By focusing attention on the bargain that is being struck, CBAs have the ability to protect taxpayers by ensuring that there is an equal exchange. There are of course notions of “who benefits?,” and “how does the community as a whole value?,” that I discuss in the paper. Typically, CBAs are negotiated in poor areas where there is a clear need for housing, or jobs, or school construction, and the CBA process can deliver these benefits to taxpayers.

Avoid Government Involvement

With opaque government processes, CBA campaigns are becoming the norm for how large projects get built in many parts of the country, especially urban areas on the coasts, and in the rust belt – though also in rural and suburban areas. Once the government is involved, parties are limited in what they can negotiate given the Supreme Court decisions in cases like Nollan and Dolan, which require government have a nexus and proportionality to the conditions government requires of developers for public approvals. For instance, a CBA might include a term that is unrelated to a given development, but the community wants it (say, for instance, a school unconnected to the development of a sports arena) and the developer is happy to provide it because it might be cheaper than a more expansive alternative (like a public park or amenities within the arena).
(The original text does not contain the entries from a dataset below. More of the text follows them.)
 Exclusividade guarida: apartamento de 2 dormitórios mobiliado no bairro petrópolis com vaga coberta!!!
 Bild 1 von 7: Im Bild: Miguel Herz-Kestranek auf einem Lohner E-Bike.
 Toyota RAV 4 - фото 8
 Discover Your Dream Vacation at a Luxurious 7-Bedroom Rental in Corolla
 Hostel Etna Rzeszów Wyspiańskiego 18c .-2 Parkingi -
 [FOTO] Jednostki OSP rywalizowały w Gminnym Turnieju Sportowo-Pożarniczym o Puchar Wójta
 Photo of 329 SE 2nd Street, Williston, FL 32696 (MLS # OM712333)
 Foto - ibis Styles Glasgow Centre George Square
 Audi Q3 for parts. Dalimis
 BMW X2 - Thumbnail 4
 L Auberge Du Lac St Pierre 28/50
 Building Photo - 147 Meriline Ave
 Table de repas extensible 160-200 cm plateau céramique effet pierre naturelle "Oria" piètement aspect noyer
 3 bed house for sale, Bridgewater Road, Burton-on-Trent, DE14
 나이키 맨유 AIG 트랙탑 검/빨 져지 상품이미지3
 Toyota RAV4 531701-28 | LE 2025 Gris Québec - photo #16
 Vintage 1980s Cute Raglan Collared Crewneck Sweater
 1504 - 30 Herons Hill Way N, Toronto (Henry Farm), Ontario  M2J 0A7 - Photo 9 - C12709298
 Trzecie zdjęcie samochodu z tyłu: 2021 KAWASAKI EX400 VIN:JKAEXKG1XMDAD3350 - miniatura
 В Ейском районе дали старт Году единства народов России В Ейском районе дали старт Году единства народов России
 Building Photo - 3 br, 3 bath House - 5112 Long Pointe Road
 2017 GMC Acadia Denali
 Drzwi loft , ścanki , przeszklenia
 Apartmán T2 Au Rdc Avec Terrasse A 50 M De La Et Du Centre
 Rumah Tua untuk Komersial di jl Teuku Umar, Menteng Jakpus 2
CBAs avoid government involvement and therefore the range of options that can be negotiated is not limited.

What are potential effects of CBAs in both urban and rural areas? How, if at all, does it differ?

TD: CBAs have the potential to positively impact both urban and rural areas. I give examples of both urban and rural community benefits efforts – though not all of the examples are true community benefits agreements. Maine, for instance, has a state law that requires that developers of wind farms pay a per turbine fee to county governments as part of a so-called “community benefit agreement”. The county executives can then spend the funds how they see fit. I argue that since the agreement is with government and not directly with community groups it is not a CBA; however, the statute demonstrates efforts to offset the negative costs of undesirable development with creative solutions.

I do not take the position that CBAs are the best long term strategy for solving contentious land use decisions. I think that local legislation that requires all developers to provide a certain percentage of affordable housing when building residential units, for instance, is a better long term strategy than one off CBAs. However, since legislation often is lacking on key economic areas like housing and jobs, I think we will continue to see CBA campaigns around large development projects, including mixed use development, big box stores, and arenas.

Detroit voters will consider two CBA ordinances on the November ballot. The government requiring developers to negotiate CBAs has challenges because of the fourth factor I discussed above. Yet, the Detroit ordinance is an example of citizens demanding a voice in economic development approvals. It is possible we will continue to see other legislative campaigns going forward in addition to those already on the books.

How do CBAs settle disputes better than the alternatives?

TD: I hope to explore this theme more in future work. I am writing a piece right now about the development of transportation infrastructure and the role of community in the approval process. In this piece, I argue CBAs settle disputes better than alternatives like litigation because CBAs allow parties to negotiate and discuss issues before development occurs. Well informed parties can request information, study options, and agree on outcomes before ground breaking. This is a powerful tool that litigation often does not offer.

Patience Crowder has coined the term “impact transaction” to define certain types of transactional processes that provide lasting change, similar to victories won through impact litigation. CBAs are one example of a type of impact transaction. They help community members see beyond government processes that lack transparency, and take power for those that do not usually have it.